His hobbies included photography, woodworking and classical music. In the film “What a Crazy World” he's credited as 'The Common man' but plays 6 parts - Employment exchange clerk, passenger on bus, amusement arcade attendant, road sweeper, park keeper and man in cinema. Derek Pykett is the author of Michel’s biography called “Michael Ripper Unmasked” by Hemlock Books Limited, Midnight Marquee Press. He has more than 234 acting credits to his name.
Michael was married three times; Jean Bramley (1934–1947), Catherine Finn (1972–1978), Cecelia Doidge (1995–2000). He has two children.
In the early 1950s, Ripper, once a heavy smoker, developed a thyroid condition for which he had to have an operation. "When I came out of it, I could only talk in a whisper," he recalled. "It got a little better, of course, but I didn't really sound like a human being - so all I could do was horror."

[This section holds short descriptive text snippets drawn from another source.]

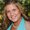 Photo of Becky K.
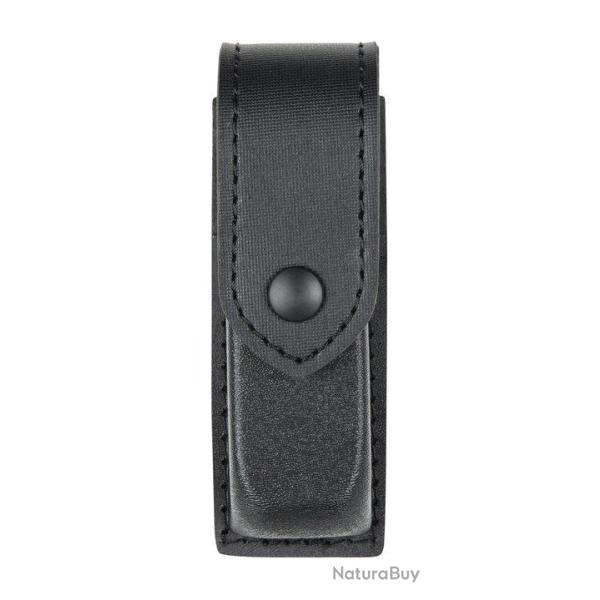 Porte chargeur simple Safariland - Glock 17 - Pour ceinture
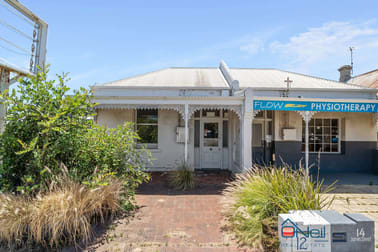 12 James Street Fremantle WA 6160 - Image 1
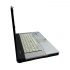 Ноутбук Fujitsu LifeBook E780 i7-640M/6/500 HDD/GT 330M 1GB - Class A- - Фото 3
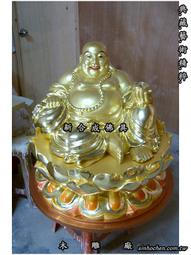 【歡迎士林門市試用】SONY 錄音筆 ICD-UX570F 立體聲 高品質 三色【完整保固】 歷史價格詳細信息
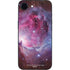 Orion Nebula and a Reflection Nebula iPhone 16e Skin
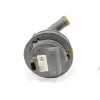 Recambio de bomba agua para alfa romeo giulia (952) 2.0 turbo cat referencia OEM IAM 00505483310 AUXILIAR 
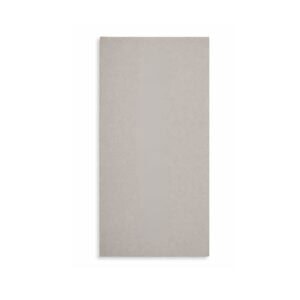 9mm NoMorePly Fibre Cement Board A1 Non-Combustible4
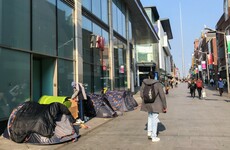 Brendan Ogle: It's time to stop gaslighting the public over income inequality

Memory problems made life difficult for Ripper in the last years of his life, but didn’t prevent him from attending several horror conventions on both sides of the Atlantic, appearing alongside Christopher Lee and Ingrid Pitt to the delight of his legions of fans.
After some years of increasingly failing health, Michael Ripper passed away on the 28th of June, 2000 aged 87, leaving behind a legacy of film roles which helped define the iconic brand that was Hammer Horror.